The idea behind being the “bigger” person is that we are “better” than the need to fight back. We are “above” such low brow means of resolving disputes. To be clear, you’re not going to find me saying we should fight back, or that punching a person in the nose (or slapping them in the face when they make fun of your wife) is the right course of action. Not at all. But while it’s good that we not teach retaliation, our attitude should not be “I won’t retaliate because I’m the bigger person” because that attitude replaces one sin (vengeance) with another (arrogance).

We aren’t the bigger person. That’s Paul’s point in v16. We are all equal. Just because the bully doesn’t see it that way doesn’t give us license to stop treating him like an equal. He may think he’s better than you when he bullies you, but he’s not. He’s your equal. And when you are bullied, you don’t fight back. Why? Not because you’re better than him, but because you are equal to him and he doesn’t deserve your vengeance anymore than you deserve his bullying. You’re not his judge, jury and executioner; God is, so leave that to God (Romans 12:19).

Under the Old Testament, the precept of “eye for an eye” was the Law of the land. In that case, God was regulating justice for a nation. If you lost your eye, the Law called for Justice (a word which implies equality). If you lost your eye, the one who took it lost his, that way the issue was resolved and there was no need for escalation, resulting in someone going on a John Rambo-like crusade against the assailant’s family.

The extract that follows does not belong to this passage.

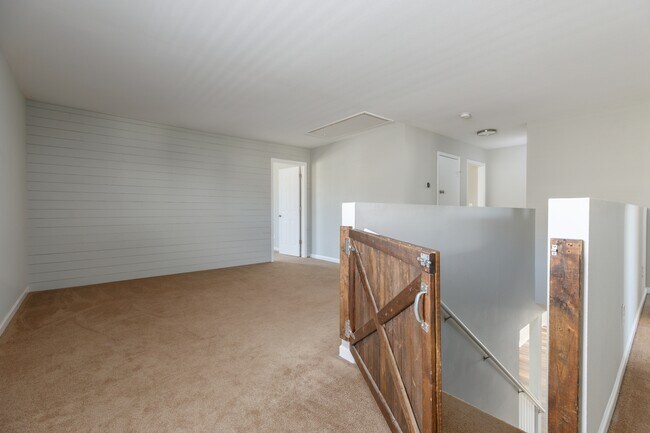 Building Photo - 2415 Bell Manor Dr SW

Here, however, Paul is speaking to Christians, whose Law of Jesus is written in their hearts. The Christian Law says that we don’t recompence (to pay back) evil with evil of our own. Instead we turn the other cheek, etc. He says to provide honest things to all men, but while word in the King James is translated as “honest” a better rendering would be “beautiful” or “virtuous” or “valuable.”

The attitude of non-retaliation is the beautiful, Christian attitude we are to have. When we are attacked we ought not fight back, because that shows the beautiful Christian spirit to all men who see us and observe how we handle our attacker.